CELLS Flashcards
Give 3 examples of inherited diseases involving enzyme defects?
- Phenylketonuria: lack of liver enzyme phenylalanine hydroxylase = can’t convert phenylalanine to tyrosine = phenylalanine accumulates and produces toxic by products
- Glycogen Storage disease: can’t mobilise glucose from glycogen
- Tay Sachs Disease: enzyme defect in processing a membrane ganglioside = complex lipid = neuronal damage and death
Name 3 drug types that target enzyme action?
- Antibiotics
- Anti-inflammatory agents
- Anti-cancer drugs
List 5 key properties of enzymes?
- Increase rate of reaction by up to 10 billion fold
- Show specificity
- Unchanged at end
- Does not alter equilibrium
- Decreases activation energy (deltaG) of reaction to facilitate reaction
What are two investigations used to providence evidence of active sites?
- X-ray crystallography
- Kinetic studies of enzyme activity
How do enzymes reduce DeltaG to help catalysis?
- Brings molecules close together in active site
- Strains bonds in the substrate to break it up
- Stabilises charges in transition state
- Excludes water from active site which speeds up reaction
- Provides reaction pathway with lower energy
- Uses co-factors
What information does the Vmax provide?
Vmax/[enzyme] = Kcat (what occurs when enzyme is fully working and all active sites are filled)
- Kcat also referred to as turnover number = max no. of substrate molecules handled per active site per second
What information does Km provide?
A measure of the affinity of the substrate for the active site
Describe competitive inhibition and its effects on Vmax & Km?
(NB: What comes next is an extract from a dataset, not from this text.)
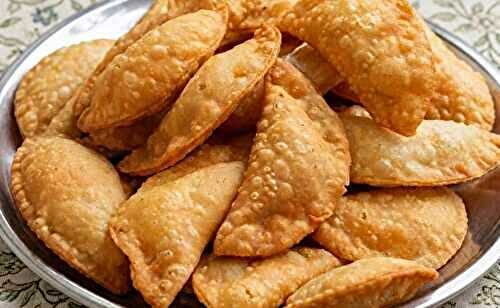 Traditional Sweet Somas with Rava Filling | Crispy Golden Rava Pooranam stuffed Somas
Inhibitor competes with substrate for the active site
Vmax doesn’t change as high substrate concentration can outcompete effects of inhibitor
Km has to increase as more substrate is needed to achieve half of Vmax
Descrive non-competitive inhibition?
Inhibitor binds to different site to substrate’s active site
Vmax is reduced as inhibitor is altering catalytic activity of substrate
Km is unaltered as substrate still has same affinity for active site
What are the 4 ways that enzymes are regulated in cells?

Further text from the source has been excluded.